Het individueele van stijl is dus niet te scheiden van het universeele van stijl (de stijl als tweeheid stellen we hier slechts voor om te komen tot zuiver begrip van hare beteekenis).
De schilderkunst kan het volstrekte op tweeërlei wijzen beelden: in bepaaldheid, d. i. zooals het buiten ons niet verschijnt, en in vorm en natuurlijke kleur gesluierd, zooals het door de natuur tot uitdrukking komt. Op de eerste wijze verschijnt de stijl geheel en al op de wijze der kunst, op de tweede wijze komt zij steeds min of meer op de wijze der natuur tot uiting.
Op de wijze der natuur, want ook de natuur vertoont stijl. Evenals de kunst, vertoont zij inderdaad het universeele van stijl door het bizondere, het individueele, want elk ding openbaart op zijn eigen wijze het universeele. Zoo kunnen we zeggen dat de natuur ook het individueele van stijl vertoont. Maar op geheel andere wijze dan de kunst.
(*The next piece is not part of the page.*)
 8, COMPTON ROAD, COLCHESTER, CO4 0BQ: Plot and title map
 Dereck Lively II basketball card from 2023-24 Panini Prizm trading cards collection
Want in de natuur is het individueele van stijl geheel gebonden aan het bizondere, aan de natuurlijke verschijning der dingen, terwijl in kunst het individueele van stijl daarvan volkomen vrij moet zijn, en alleen gebonden is aan tijd en plaats. Daarom kan de kunst in volkomenheid stijl beelden, waar stijl in de natuur meestal gesluierd blijft. Zal de kunst in volkomenheid beelden, zoo moet zij zich zoodanig vrij maken van de natuurlijke verschijning der dingen, dat zij die niet beeldt: dan moet zij de gespannenheid van vorm, de intensiteit van kleur en de harmonie, welke de natuur vertoont, in een abstracte verschijning beelden.
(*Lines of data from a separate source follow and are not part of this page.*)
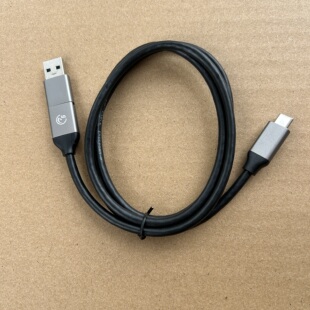 1米二合一 USB3.0 Type-C数据线 CtoC 10Gbps数据线带转接头 手机移动硬盘数据线防丢头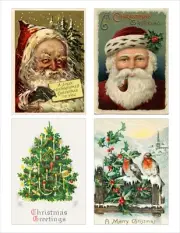 Vintage Christmas Greeting Card Toppers Junk Journal Ephemera Scrapbooking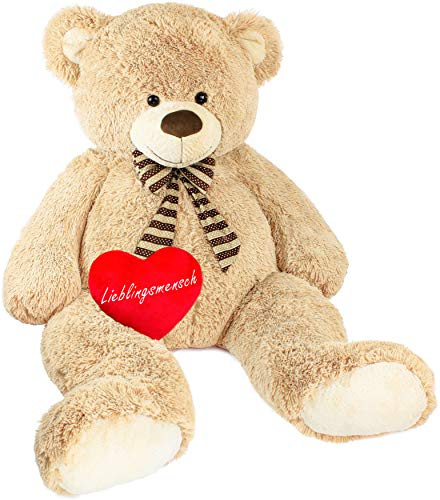 BRUBAKER Riesiger XXL Teddybär 150 cm groß Beige mit einem Lieblingsmensch Plüschherz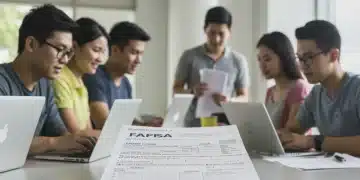 Students preparing for college financial aid with FAFSA forms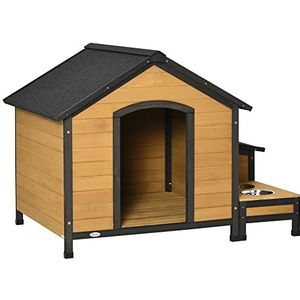 Pawhut houten hondenhok met 2 hondenbakken, asfaltdak, weerbestendige buitenhut voor buitengebruik, natuurlijk hout, 130 x 93 x 92 cm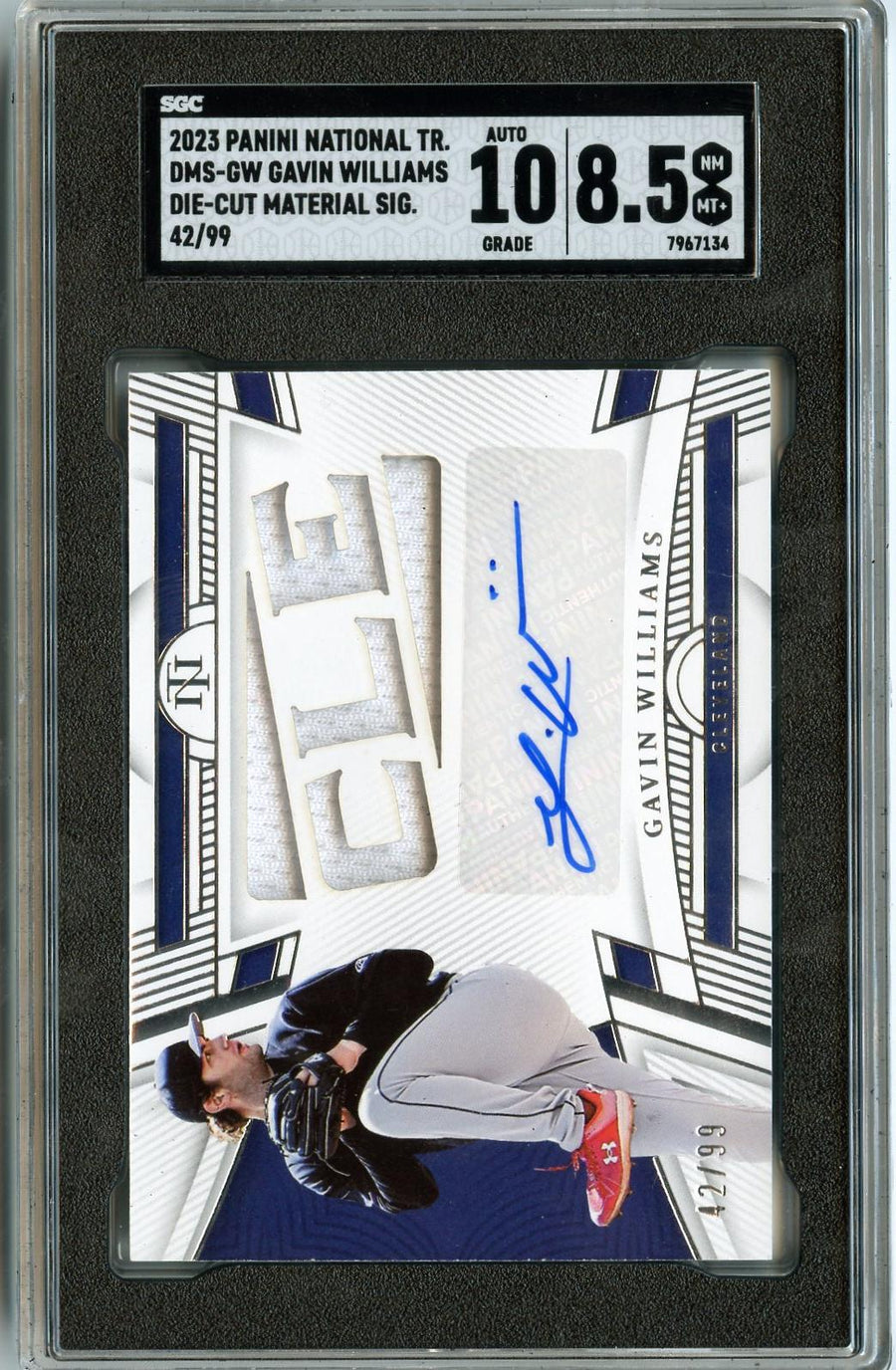 2023 Panini #DMS-GW Gavin Williams Material Signatures Die Cuts SGC 8.5 — Front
Doch, hoe dan ook — steèds brengt de schilderkunst de zichtbare stijl in de natuur tot een den mensch ontroerende uitdrukking: steeds werkt zij min of meer de stijl in de natuur tot stijl in kunst om. De schilder ziet in diè mate stijl in de natuur, dat hij tot stijlbeelding als vanzelf gedreven wordt. De stijl in de natuur vereenigt zich, als het ware, met het stijlgevoel in den kunstenaar: door het in-een-gaan van stijl in uiterheid en stijl in innerlijk wordt het kunstwerk geboren. Zoo komt de stijl, welke de natuur vertoont, door de schilderkunst tot zùlk een uitdrukking, dat zij (betrekkelijk) algemeen voel- en zichtbaar wordt.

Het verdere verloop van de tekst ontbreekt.